◆ Exercise brief:
In the entries below, find the line containing "Person catches wave", then copy it and every later line exactly, ending with the last line.

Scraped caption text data

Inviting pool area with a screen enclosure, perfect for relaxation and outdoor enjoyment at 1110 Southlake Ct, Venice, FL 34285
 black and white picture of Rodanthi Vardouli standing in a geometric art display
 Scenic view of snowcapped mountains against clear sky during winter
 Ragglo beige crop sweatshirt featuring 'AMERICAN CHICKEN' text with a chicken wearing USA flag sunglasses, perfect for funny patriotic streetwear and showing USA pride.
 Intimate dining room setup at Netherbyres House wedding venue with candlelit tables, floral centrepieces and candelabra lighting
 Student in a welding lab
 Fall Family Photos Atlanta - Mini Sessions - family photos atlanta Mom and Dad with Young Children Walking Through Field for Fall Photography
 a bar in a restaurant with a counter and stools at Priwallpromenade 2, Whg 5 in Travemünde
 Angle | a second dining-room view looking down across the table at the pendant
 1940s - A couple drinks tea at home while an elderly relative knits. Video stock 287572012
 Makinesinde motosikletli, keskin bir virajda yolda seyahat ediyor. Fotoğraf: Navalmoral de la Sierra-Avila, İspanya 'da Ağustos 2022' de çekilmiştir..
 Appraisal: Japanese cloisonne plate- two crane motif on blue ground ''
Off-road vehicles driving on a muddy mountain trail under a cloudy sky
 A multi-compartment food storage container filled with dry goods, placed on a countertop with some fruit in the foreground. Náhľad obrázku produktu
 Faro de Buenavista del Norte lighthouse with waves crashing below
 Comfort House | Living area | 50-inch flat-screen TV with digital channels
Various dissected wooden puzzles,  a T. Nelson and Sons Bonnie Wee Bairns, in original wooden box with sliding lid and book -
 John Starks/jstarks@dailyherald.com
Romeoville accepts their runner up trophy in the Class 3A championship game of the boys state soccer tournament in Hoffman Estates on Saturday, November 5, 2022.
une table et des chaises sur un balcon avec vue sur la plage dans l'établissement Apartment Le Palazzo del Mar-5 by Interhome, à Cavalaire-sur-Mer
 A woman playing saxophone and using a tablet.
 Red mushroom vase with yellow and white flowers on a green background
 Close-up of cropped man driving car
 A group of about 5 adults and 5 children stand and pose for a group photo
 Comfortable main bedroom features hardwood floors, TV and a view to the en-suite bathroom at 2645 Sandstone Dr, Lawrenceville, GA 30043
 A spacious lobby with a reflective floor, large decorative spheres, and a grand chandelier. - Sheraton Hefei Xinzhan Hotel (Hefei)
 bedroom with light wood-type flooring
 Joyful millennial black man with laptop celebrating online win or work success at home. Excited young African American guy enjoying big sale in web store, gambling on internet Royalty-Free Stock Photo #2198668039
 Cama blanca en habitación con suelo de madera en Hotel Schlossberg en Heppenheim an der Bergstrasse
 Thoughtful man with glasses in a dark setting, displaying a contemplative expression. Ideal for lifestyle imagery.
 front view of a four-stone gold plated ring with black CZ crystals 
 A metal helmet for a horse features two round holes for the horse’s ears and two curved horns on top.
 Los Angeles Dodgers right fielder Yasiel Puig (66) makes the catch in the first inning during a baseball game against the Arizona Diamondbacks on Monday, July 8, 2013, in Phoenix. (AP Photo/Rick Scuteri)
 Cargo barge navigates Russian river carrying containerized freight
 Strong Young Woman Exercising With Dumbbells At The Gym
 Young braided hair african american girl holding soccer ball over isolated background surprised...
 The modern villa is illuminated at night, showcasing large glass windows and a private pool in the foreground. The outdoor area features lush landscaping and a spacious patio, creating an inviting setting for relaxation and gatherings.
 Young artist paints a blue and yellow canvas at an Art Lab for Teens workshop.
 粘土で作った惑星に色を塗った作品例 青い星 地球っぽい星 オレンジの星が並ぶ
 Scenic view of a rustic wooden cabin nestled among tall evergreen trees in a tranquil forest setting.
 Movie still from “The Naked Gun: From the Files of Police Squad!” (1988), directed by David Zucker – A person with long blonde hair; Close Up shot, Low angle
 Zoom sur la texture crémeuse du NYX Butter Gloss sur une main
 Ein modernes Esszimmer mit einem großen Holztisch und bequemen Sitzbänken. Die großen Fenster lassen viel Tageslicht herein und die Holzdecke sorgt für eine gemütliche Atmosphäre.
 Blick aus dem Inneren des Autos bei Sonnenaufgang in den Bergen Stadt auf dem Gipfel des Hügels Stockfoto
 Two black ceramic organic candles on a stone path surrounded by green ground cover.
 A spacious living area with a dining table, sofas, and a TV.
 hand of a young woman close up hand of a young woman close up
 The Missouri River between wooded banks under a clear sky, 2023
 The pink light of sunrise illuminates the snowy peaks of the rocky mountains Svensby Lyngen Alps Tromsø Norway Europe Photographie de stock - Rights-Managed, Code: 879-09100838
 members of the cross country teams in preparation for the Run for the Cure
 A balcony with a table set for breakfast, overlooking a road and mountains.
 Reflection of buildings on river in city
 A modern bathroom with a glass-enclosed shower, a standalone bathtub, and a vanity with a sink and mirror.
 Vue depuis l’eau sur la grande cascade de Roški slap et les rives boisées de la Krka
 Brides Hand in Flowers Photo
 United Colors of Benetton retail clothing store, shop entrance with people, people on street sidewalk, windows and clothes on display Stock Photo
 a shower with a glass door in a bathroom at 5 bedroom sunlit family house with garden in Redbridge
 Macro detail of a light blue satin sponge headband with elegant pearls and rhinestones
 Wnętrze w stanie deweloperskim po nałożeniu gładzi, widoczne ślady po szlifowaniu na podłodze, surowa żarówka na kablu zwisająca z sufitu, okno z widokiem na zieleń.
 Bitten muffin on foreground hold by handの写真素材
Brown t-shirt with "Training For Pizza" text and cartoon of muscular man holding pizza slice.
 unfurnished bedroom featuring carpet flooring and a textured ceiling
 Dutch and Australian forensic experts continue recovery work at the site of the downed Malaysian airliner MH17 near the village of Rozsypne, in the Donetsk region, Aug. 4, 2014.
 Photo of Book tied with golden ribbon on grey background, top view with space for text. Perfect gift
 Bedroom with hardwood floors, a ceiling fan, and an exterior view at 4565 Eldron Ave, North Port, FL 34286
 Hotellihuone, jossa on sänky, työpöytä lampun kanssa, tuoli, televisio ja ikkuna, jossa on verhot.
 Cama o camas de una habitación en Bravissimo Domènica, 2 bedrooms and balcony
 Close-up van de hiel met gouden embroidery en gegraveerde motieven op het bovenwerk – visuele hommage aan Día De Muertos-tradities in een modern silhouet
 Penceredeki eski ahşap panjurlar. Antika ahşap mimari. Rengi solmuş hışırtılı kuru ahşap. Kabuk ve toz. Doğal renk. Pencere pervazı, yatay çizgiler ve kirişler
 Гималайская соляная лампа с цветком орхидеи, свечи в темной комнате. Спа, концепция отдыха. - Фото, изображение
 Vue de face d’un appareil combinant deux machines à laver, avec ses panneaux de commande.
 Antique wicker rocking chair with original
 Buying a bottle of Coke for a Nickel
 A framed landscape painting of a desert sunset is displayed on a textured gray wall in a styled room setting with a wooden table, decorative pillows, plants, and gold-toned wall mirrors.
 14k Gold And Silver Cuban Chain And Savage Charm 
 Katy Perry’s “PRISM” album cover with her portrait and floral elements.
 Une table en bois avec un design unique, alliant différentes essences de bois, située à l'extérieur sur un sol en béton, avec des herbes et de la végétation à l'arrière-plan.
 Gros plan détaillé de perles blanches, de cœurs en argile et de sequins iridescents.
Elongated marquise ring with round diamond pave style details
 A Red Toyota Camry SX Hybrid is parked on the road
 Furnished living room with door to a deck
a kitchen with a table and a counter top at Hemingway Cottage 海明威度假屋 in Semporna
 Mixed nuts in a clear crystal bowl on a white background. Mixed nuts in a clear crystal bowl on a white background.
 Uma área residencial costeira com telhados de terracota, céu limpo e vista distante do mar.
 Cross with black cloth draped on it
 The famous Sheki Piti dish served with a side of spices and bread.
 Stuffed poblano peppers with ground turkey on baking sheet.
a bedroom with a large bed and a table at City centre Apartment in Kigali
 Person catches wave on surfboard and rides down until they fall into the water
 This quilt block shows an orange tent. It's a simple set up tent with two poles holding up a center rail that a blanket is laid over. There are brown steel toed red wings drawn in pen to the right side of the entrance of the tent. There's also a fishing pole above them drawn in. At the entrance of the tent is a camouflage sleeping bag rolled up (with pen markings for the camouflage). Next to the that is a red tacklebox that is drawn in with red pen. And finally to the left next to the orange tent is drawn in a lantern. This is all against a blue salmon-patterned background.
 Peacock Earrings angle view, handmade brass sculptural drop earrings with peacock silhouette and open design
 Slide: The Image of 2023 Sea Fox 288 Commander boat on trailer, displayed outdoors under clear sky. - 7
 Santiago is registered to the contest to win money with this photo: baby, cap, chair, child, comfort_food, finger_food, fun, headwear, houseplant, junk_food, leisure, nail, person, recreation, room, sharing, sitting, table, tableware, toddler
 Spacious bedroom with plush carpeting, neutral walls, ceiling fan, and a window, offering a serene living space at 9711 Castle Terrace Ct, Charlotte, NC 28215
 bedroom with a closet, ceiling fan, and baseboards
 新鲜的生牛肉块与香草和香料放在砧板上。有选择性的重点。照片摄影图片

◆ Written answer:
 Person catches wave on surfboard and rides down until they fall into the water
 This quilt block shows an orange tent. It's a simple set up tent with two poles holding up a center rail that a blanket is laid over. There are brown steel toed red wings drawn in pen to the right side of the entrance of the tent. There's also a fishing pole above them drawn in. At the entrance of the tent is a camouflage sleeping bag rolled up (with pen markings for the camouflage). Next to the that is a red tacklebox that is drawn in with red pen. And finally to the left next to the orange tent is drawn in a lantern. This is all against a blue salmon-patterned background.
 Peacock Earrings angle view, handmade brass sculptural drop earrings with peacock silhouette and open design
 Slide: The Image of 2023 Sea Fox 288 Commander boat on trailer, displayed outdoors under clear sky. - 7
 Santiago is registered to the contest to win money with this photo: baby, cap, chair, child, comfort_food, finger_food, fun, headwear, houseplant, junk_food, leisure, nail, person, recreation, room, sharing, sitting, table, tableware, toddler
 Spacious bedroom with plush carpeting, neutral walls, ceiling fan, and a window, offering a serene living space at 9711 Castle Terrace Ct, Charlotte, NC 28215
 bedroom with a closet, ceiling fan, and baseboards
 新鲜的生牛肉块与香草和香料放在砧板上。有选择性的重点。照片摄影图片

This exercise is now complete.